Information shown START

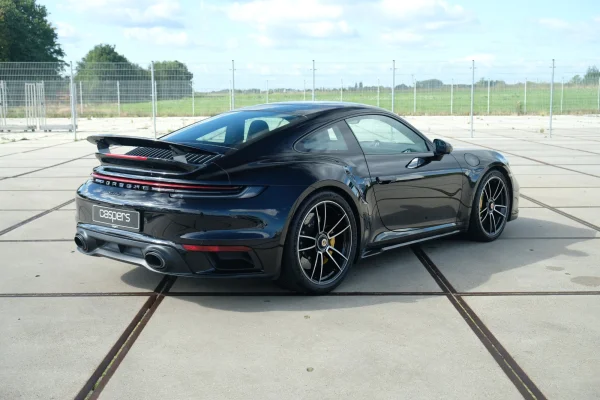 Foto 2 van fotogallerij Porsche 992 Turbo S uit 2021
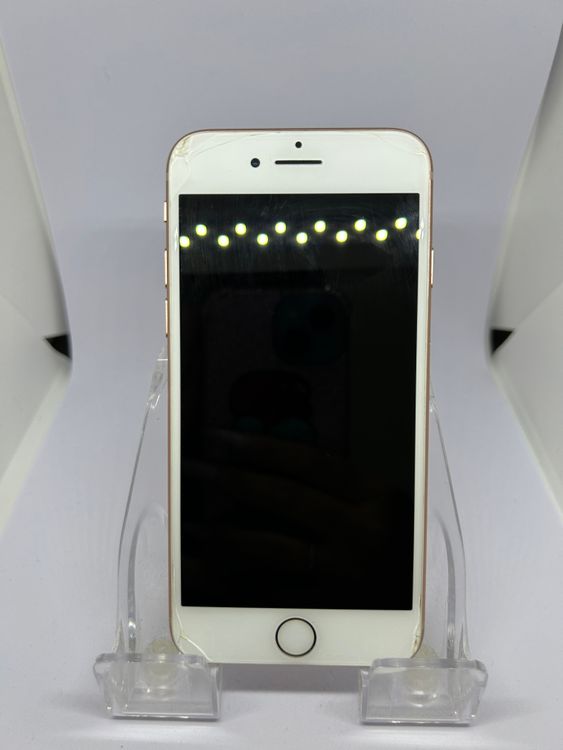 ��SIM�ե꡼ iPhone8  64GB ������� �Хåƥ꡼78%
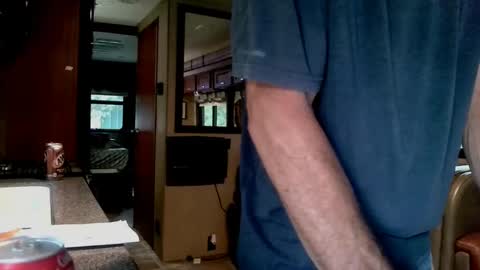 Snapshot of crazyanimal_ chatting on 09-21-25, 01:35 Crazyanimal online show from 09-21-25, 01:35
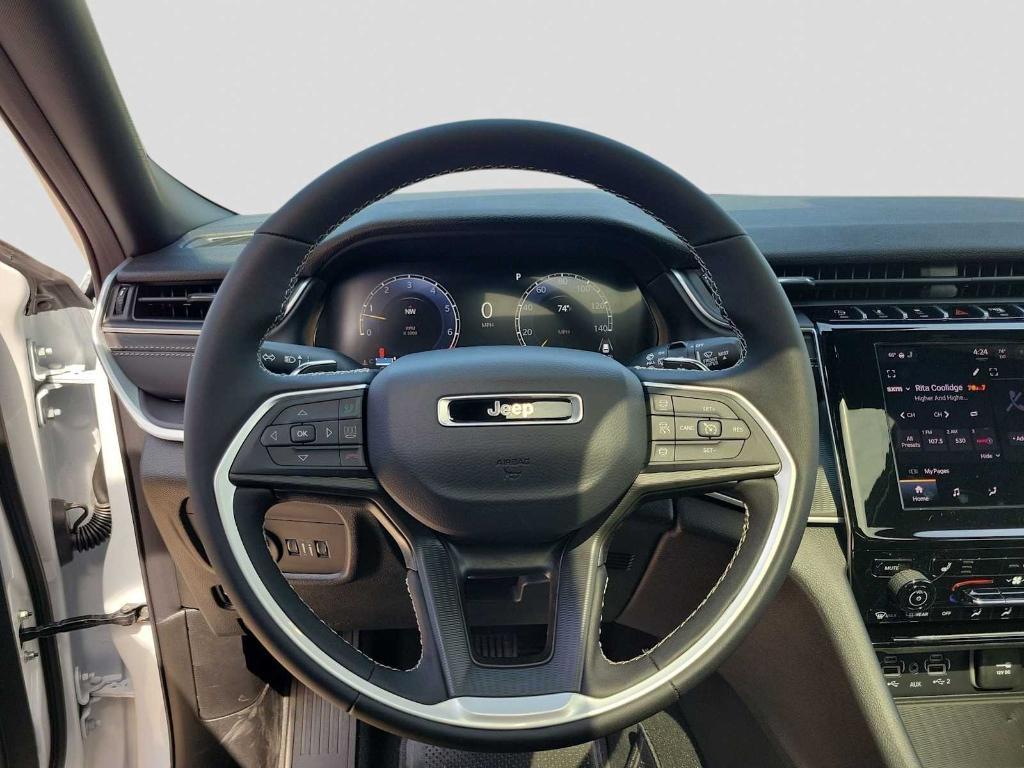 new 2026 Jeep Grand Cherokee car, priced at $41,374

Information shown END

Exercise brief
Take the line with "Snapshot of crazyanimal_" and each line after it through the end of the material above, and reproduce them exactly, without the pictures.

Written answer
 Snapshot of crazyanimal_ chatting on 09-21-25, 01:35 Crazyanimal online show from 09-21-25, 01:35
 new 2026 Jeep Grand Cherokee car, priced at $41,374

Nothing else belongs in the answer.